## Try it
Nothing but the lines below from the one containing "Fahrzeugbild Challenger Genesis" through the one containing "Covent Garden occupato" should appear in the answer, exact and without pictures.
[[ Input, beginning ]]
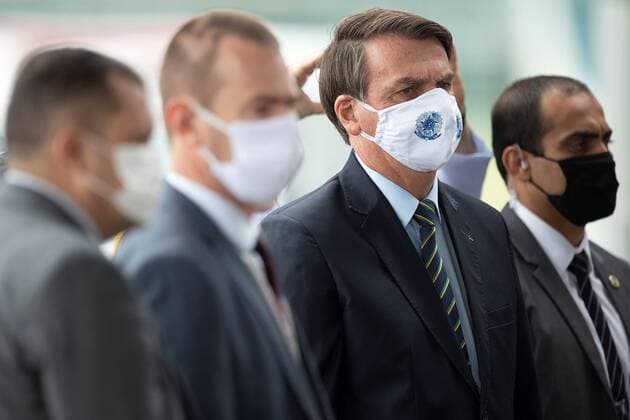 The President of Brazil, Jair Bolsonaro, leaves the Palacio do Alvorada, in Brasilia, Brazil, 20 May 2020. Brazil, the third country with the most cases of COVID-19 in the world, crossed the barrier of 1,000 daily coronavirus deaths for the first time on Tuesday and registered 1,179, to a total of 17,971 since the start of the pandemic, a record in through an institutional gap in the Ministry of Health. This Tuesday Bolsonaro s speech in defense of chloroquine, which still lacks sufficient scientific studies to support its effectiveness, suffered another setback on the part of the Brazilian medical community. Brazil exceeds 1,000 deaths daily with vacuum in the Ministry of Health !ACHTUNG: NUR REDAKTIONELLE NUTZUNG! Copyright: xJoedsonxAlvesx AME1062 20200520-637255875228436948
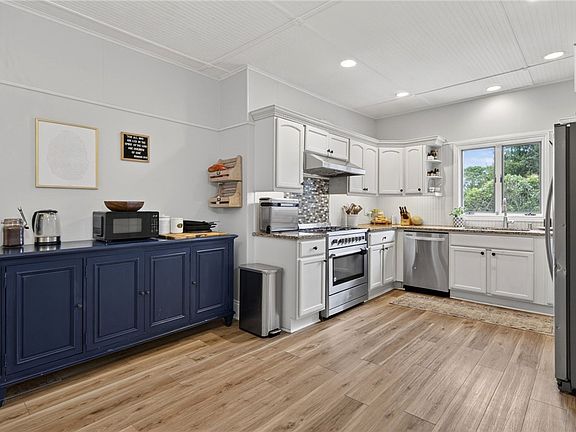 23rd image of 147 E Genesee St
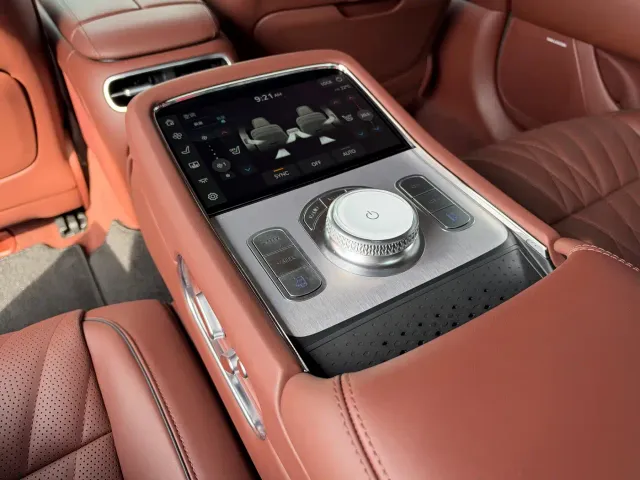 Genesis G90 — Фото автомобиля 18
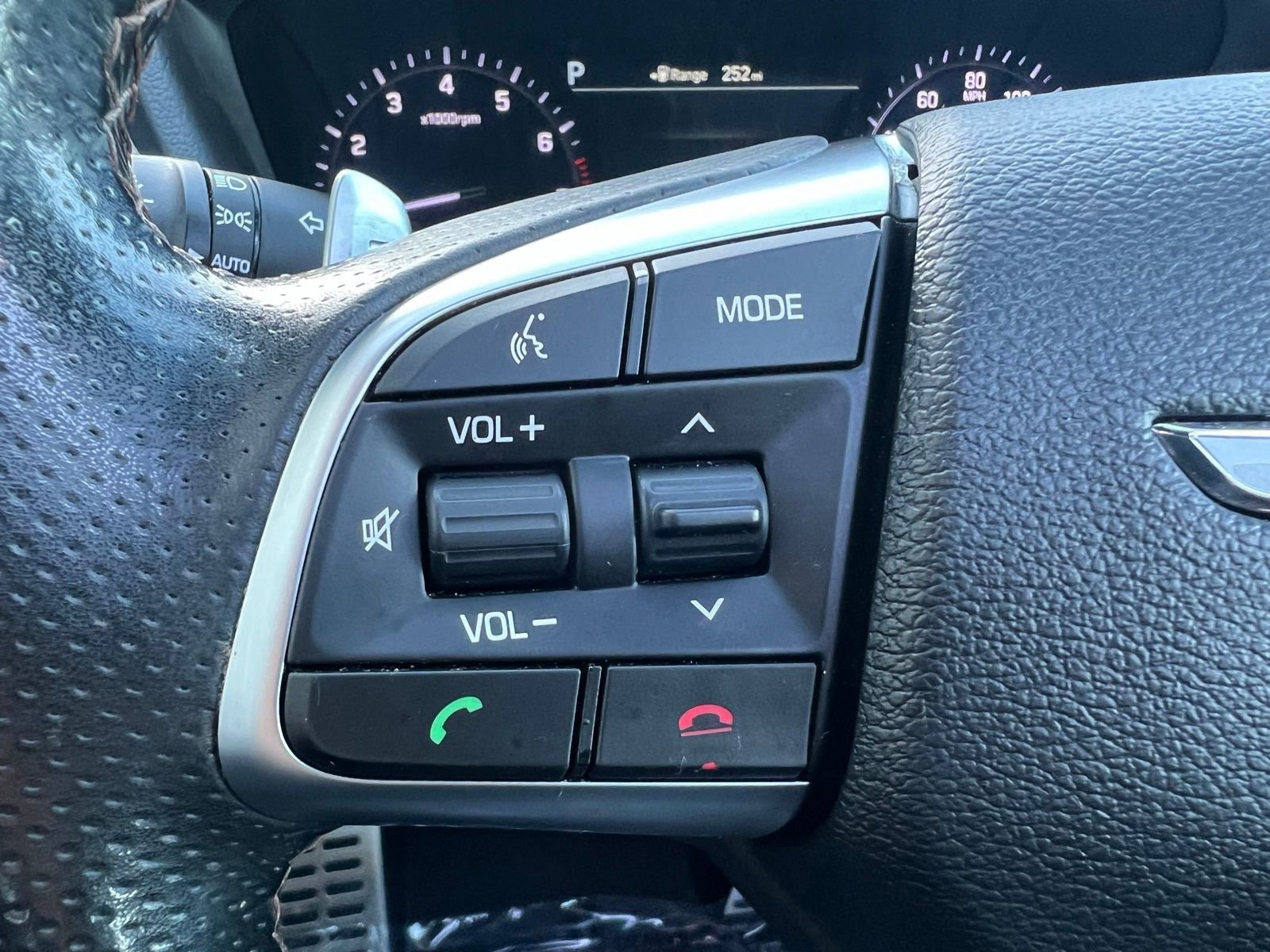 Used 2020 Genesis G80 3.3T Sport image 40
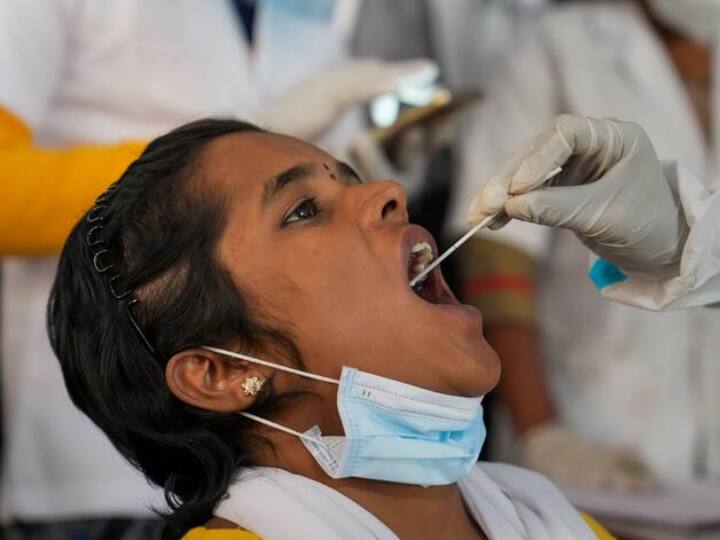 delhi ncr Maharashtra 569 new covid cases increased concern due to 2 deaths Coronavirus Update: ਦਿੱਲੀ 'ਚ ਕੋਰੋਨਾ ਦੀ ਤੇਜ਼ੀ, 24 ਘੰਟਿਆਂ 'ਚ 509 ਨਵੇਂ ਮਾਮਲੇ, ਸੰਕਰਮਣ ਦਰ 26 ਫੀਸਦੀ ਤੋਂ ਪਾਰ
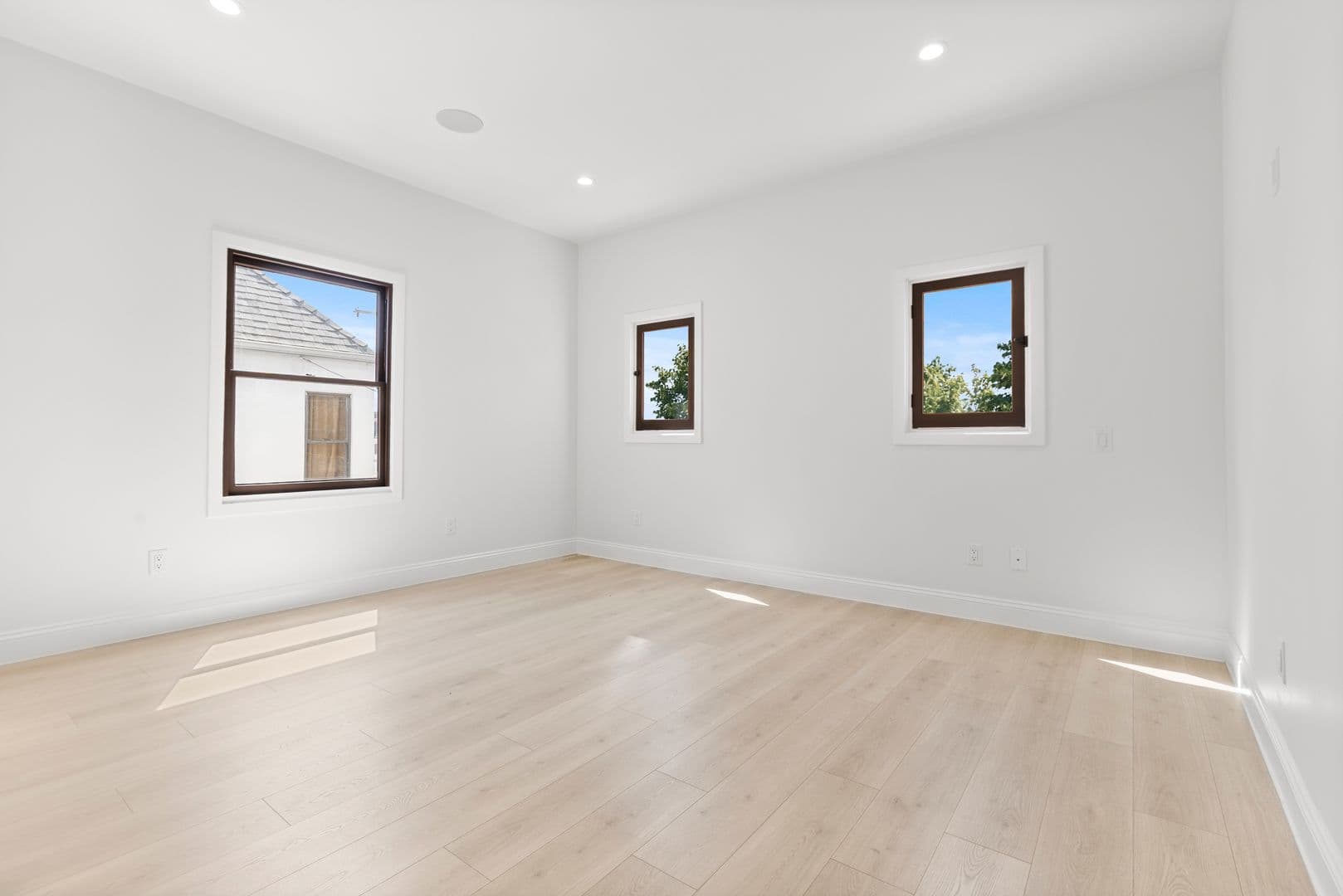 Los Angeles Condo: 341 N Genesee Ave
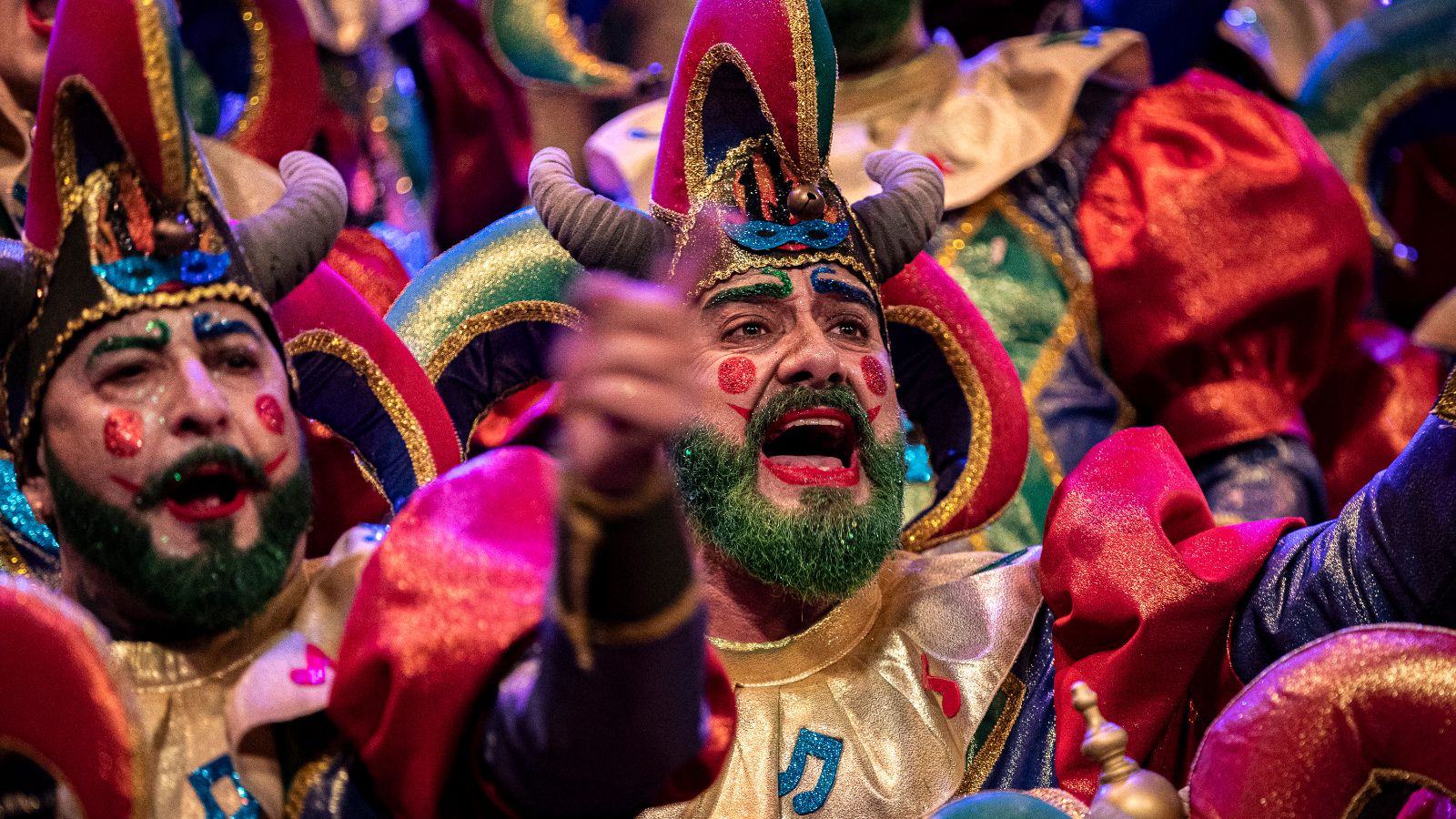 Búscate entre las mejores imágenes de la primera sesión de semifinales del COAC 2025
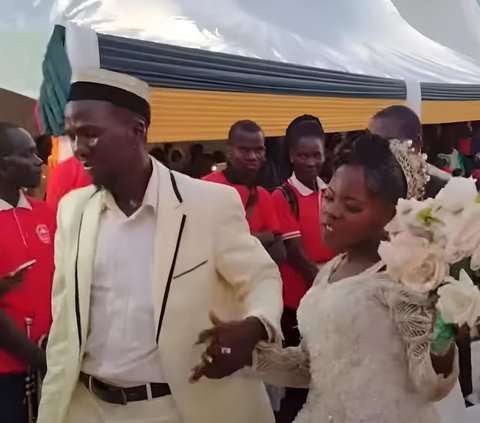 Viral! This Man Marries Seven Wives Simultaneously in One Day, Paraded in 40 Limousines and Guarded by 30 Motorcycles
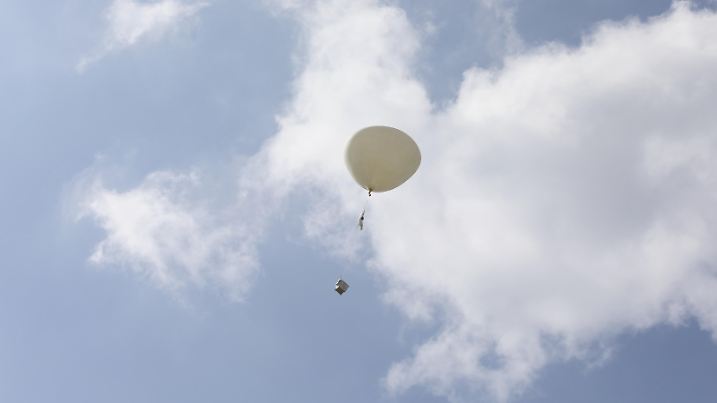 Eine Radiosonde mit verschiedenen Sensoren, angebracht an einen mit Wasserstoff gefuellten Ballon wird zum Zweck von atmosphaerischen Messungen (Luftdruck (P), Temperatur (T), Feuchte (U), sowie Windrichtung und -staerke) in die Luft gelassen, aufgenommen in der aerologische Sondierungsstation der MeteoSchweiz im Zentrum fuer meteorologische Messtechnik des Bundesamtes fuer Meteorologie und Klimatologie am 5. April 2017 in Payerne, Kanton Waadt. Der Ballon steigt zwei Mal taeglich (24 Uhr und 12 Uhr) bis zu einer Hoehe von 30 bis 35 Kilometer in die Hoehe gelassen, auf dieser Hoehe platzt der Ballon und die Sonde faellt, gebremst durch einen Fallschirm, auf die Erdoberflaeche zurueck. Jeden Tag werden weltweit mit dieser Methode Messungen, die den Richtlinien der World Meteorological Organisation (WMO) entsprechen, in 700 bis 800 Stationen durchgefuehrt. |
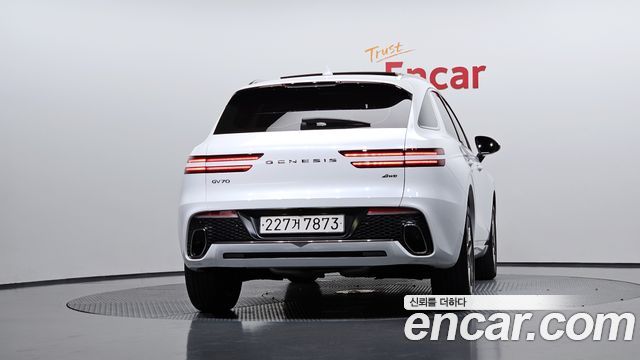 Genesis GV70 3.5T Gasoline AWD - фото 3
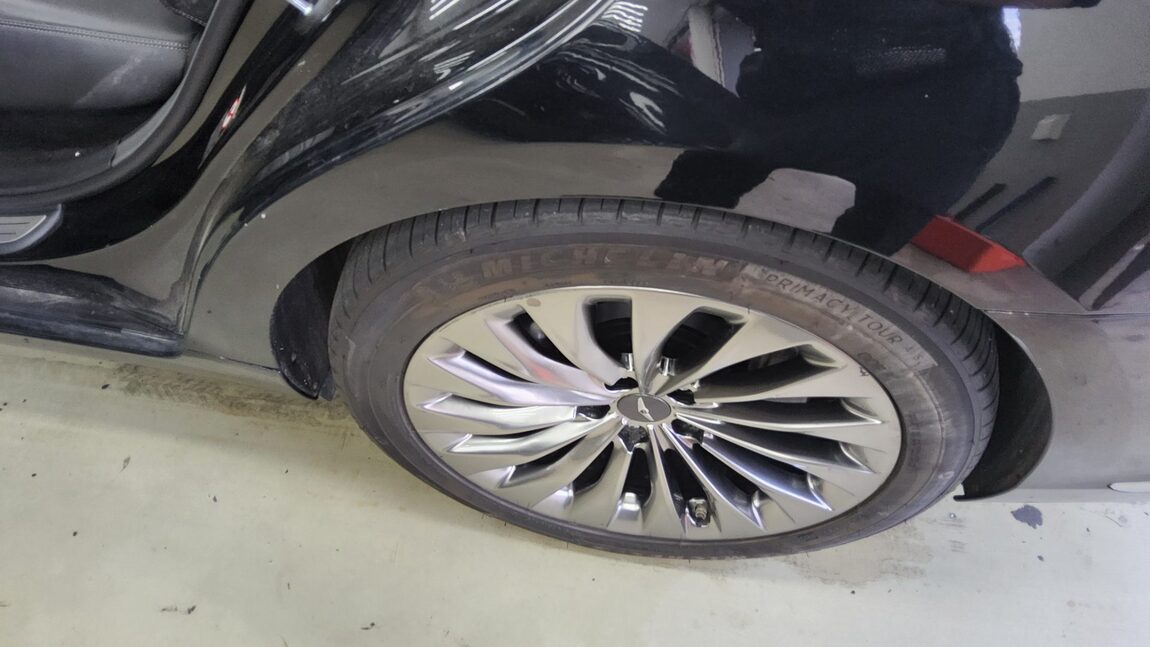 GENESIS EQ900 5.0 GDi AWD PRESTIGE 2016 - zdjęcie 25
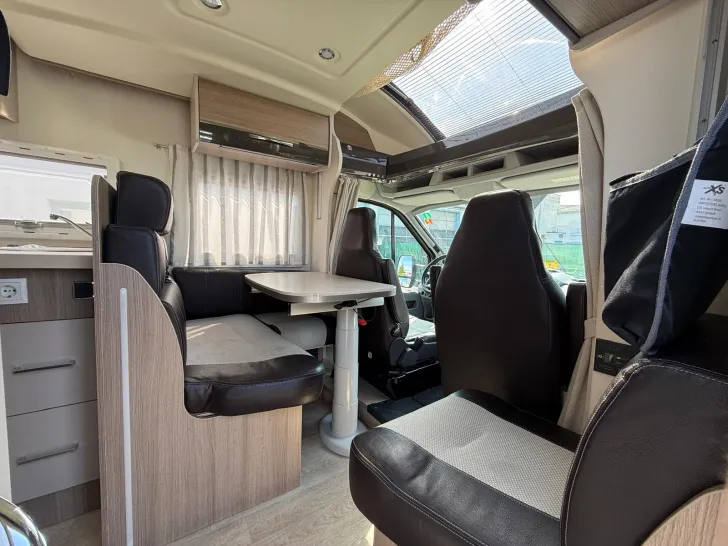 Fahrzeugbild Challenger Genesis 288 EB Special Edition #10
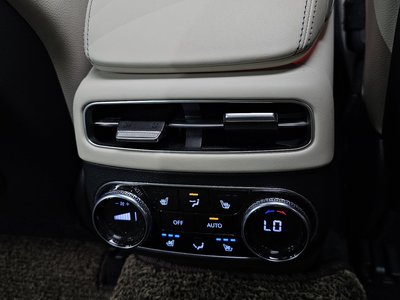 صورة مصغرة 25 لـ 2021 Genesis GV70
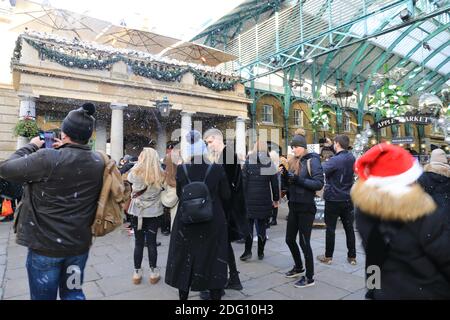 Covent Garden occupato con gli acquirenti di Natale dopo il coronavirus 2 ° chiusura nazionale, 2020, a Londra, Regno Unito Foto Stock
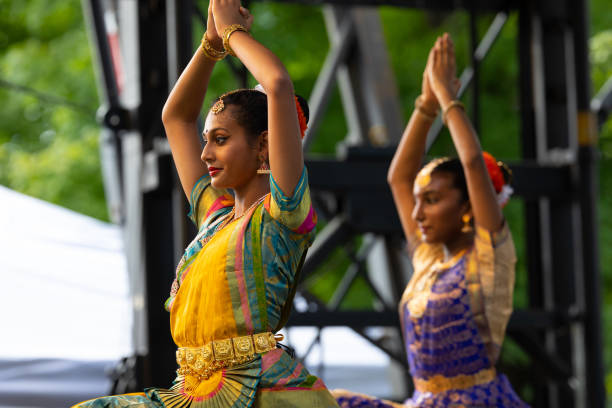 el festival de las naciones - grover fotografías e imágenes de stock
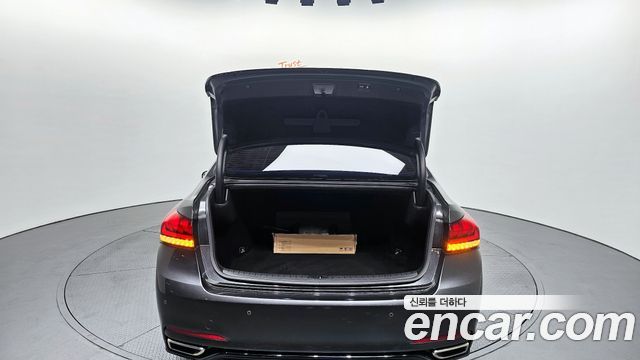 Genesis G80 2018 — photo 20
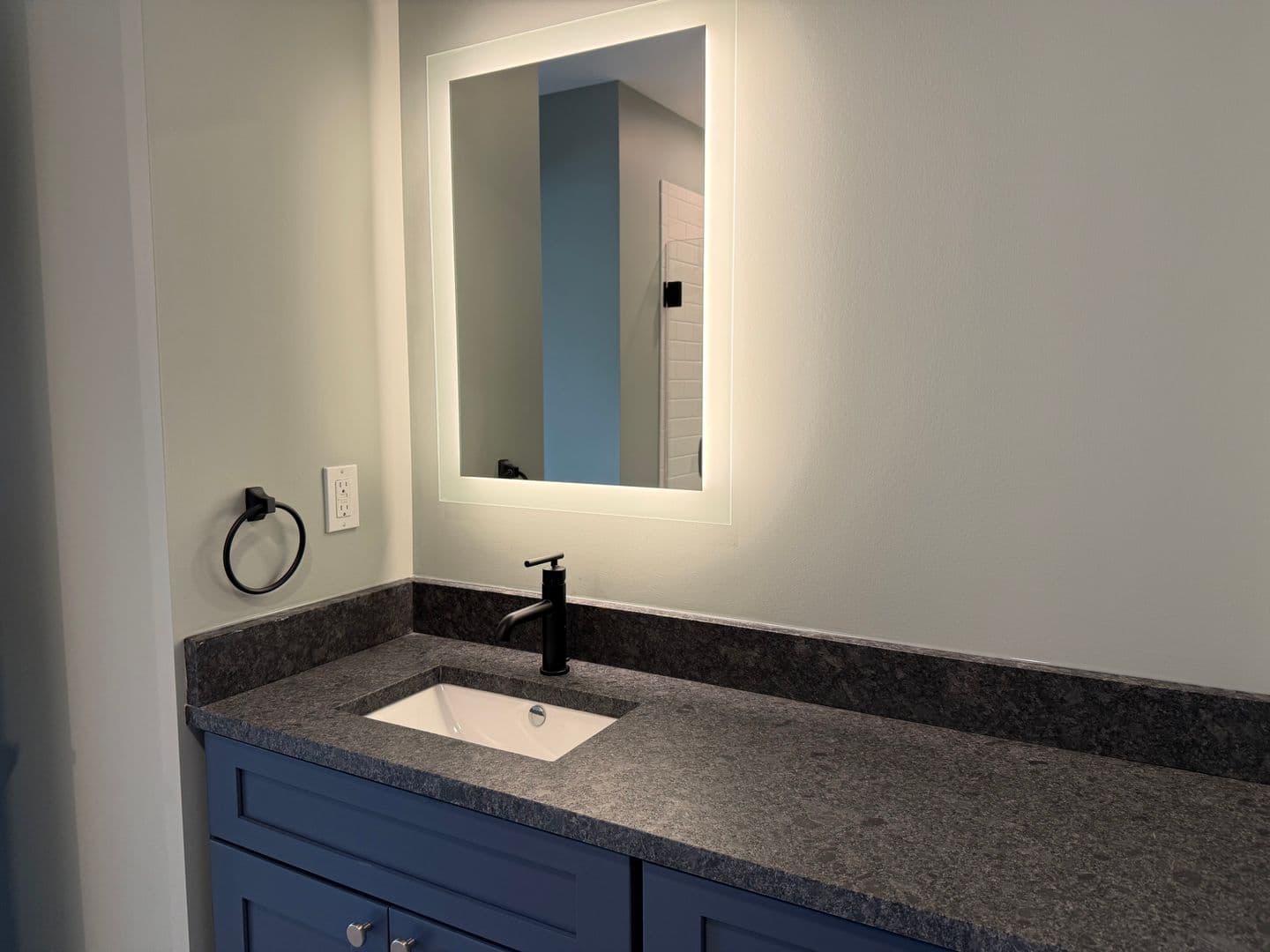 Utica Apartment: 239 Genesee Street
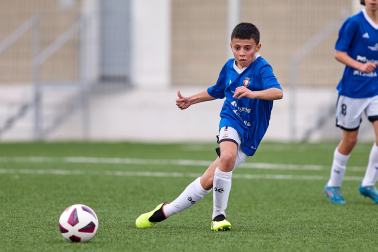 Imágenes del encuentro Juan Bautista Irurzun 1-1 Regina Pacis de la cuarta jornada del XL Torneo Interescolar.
[[ Input, end ]]
## Result of this task
 Fahrzeugbild Challenger Genesis 288 EB Special Edition #10
 صورة مصغرة 25 لـ 2021 Genesis GV70
 Covent Garden occupato con gli acquirenti di Natale dopo il coronavirus 2 ° chiusura nazionale, 2020, a Londra, Regno Unito Foto Stock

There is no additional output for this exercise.